The Soviet invasion of Afghanistan in December 1979 had a major and immediate impact on U.S. relations with Pakistan and India. In 1978, U.S relations with Pakistan had worsened as a result of U.S. criticisms—most notably from President Jimmy Carter (1977–1981)—of human rights violations by the new military government of General Zia ul-Haq (1977–1988), which had overthrown the civilian government of Zulfikar Ali Bhutto (whom Zia executed). The relationship between the United States and Pakistan had also been undermined by Pakistan's attempts to develop nuclear weapons capability. In April 1979, in response to the Pakistani government's nuclear weapons initiative, the Carter administration suspended U.S. aid to Pakistan. However, once the Soviet Union entered Afghanistan, U.S. aid to Pakistan was restored and increased, and the Pakistani military, and military intelligence, played an important role (along with the Saudi Arabian and the Chinese governments) in supporting the loose coalition of resistance groups (Islamic Unity of Afghan Mujahideen) fighting the Soviet occupation. The dramatic turnaround in U.S.-Pakistani relations weakened the Carter administration's attempt to improve its relations with the Indian government. Under Prime Minister Morarji Desai (1977–1979), the Indian government sought to lessen its reliance on the Soviet Union. To this end, Desai and Carter signed the 1977 Delhi Declaration, which restated both governments' commitment to democracy and human rights. At the same time, Washington overrode restrictions on uranium sales to India as embodied in the U.S. Nonproliferation Act, which restricted the flow of nuclear materials to nation-states, such as India, if they did not agree to the system of safeguards outlined by the International Atomic Energy Agency.

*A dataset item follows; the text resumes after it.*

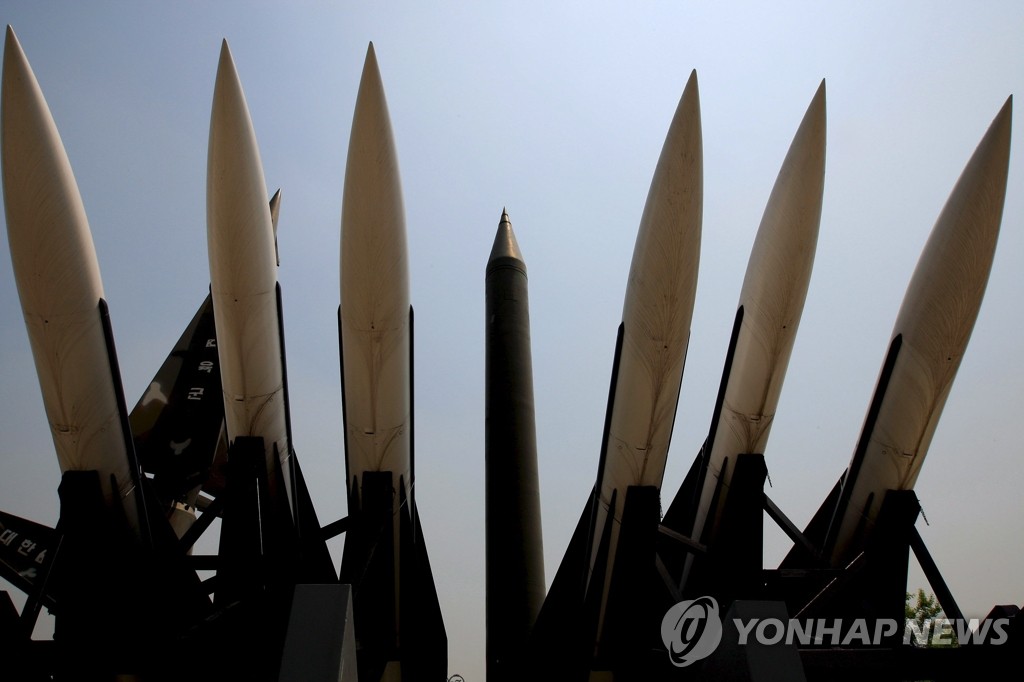 미국 국방부는 3일(현지시간) 북한의 최근 전쟁도발 위협에 대응하기 위해 최첨단 미사일방어(MD) 시스템을 괌 기지에 투입한다고 밝혔다. 사진은 북한 서커드B미사일(가운데)과 미국산호크지대공미사일(앞쪽).(EPA=연합뉴스)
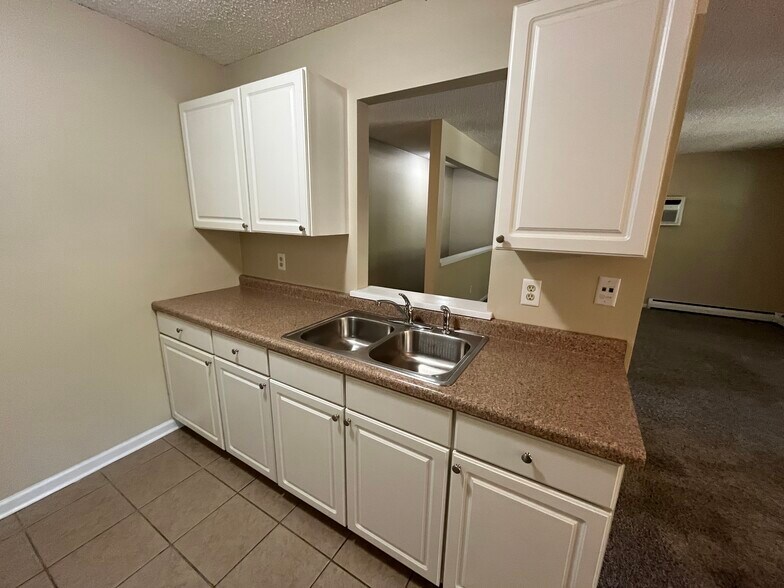 Building Photo - 360 Oxford Ct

These changes were insufficient to put U.S.-Indian relations on a more stable footing, once, after 1979, the United States resumed military and economic aid to Pakistan and began tilting toward China in the context of the war in Afghanistan. In 1980, Prime Minister Indira Gandhi, who had replaced Desai, moved to improve Indian relations with the Soviet Union. She announced a major arms deal, worth $1.6 billion, with the Soviet Union in May 1980. Then, in December, Leonid Brezhnev visited India and Mrs. Gandhi and the Soviet leader issued a public statement that condemned outside involvement in southwest Asia, a clear reference to U.S. involvement in the war in Afghanistan. Despite the strains on Indo-Pakistani relations that the 1979 Soviet invasion of Afghanistan created, Pakistan and India—along with Bangladesh, Nepal, Sri Lanka, Bhutan, and the Maldives—set up a cooperation committee in 1983 that provided a forum for regular ministerial-level meetings. However, in 1986, there were major confrontations between the Indian army and its Pakistani counterpart on the Siachin Glacier in Kashmir. This led to dramatic troop concentrations between December 1986 and February 1987. By 1988, there were some attempts to improve relations, but the secessionist uprising that got under wayin Kashmir, with Pakistani support, during 1989 has ensured that Kashmir remains the key flash point of Indo-Pakistani relations and a source of concern in Washington.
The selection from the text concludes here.